Prior work has suggested the benefits of equipping robots with humanlike features in non-competitive contexts. Extending this, essay 1 examines robot anthropomorphism in a competitive context (i.e., workplace) and specifically focuses on the impact of humanlike features of robots on employees’ perception of job insecurity. Through two correlational and four casual experiments with samples from students, nurses, call-centre employees and crowdsourced workers, results show that equipping robots with humanlike features increases employees’ job insecurity perception due to an increasing social comparison with robots. These findings contribute to the literature on job insecurity by identifying a new antecedent of job insecurity, add to the ongoing conversation of robot anthropomorphism by examining it in a competitive context, and provide insights on the role of social comparison by applying it to human interaction with non-human agents. More importantly, implications are provided in this essay advising organizations on how to reduce employees’ job insecurity perceptions evoked by the adoption of robots from the design perspective.

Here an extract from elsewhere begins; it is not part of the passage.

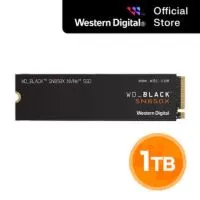 WD BLACK SN850X NVMe 1TB SSD (삼성카드)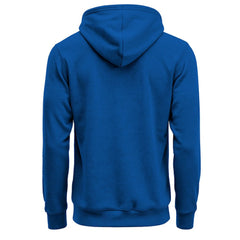 Real Madrid 1863FC Wordmark Fleece Hoodie Discount - Blue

Although previous literature has demonstrated what has led to algorithm aversion, very few research was found examining when it could be overcome. To address this research gap, essay 2 examines how exposure to moral violations impacts consumers’ preference for recommendation agents. Six experiments convergently demonstrate that exposure to moral violations enhances consumers’ preference for algorithm recommendation over human recommendation due to an increase of distrust in human and further an increase of trust in algorithm. Moreover, this effect is weakened when highlighting human agent’s trustworthiness or equipping algorithm with human intentions. These findings contribute to the literature on algorithm aversion byidentifying under which circumstances algorithm aversion could be reduced, extend previous literature on moral violations by investigating its influences on human interaction with non-human agents, and provide insights on the role of trust in recommendation adoption. In addition, these findings provide implications for marketers about when consumers’ algorithm aversion could be reduced.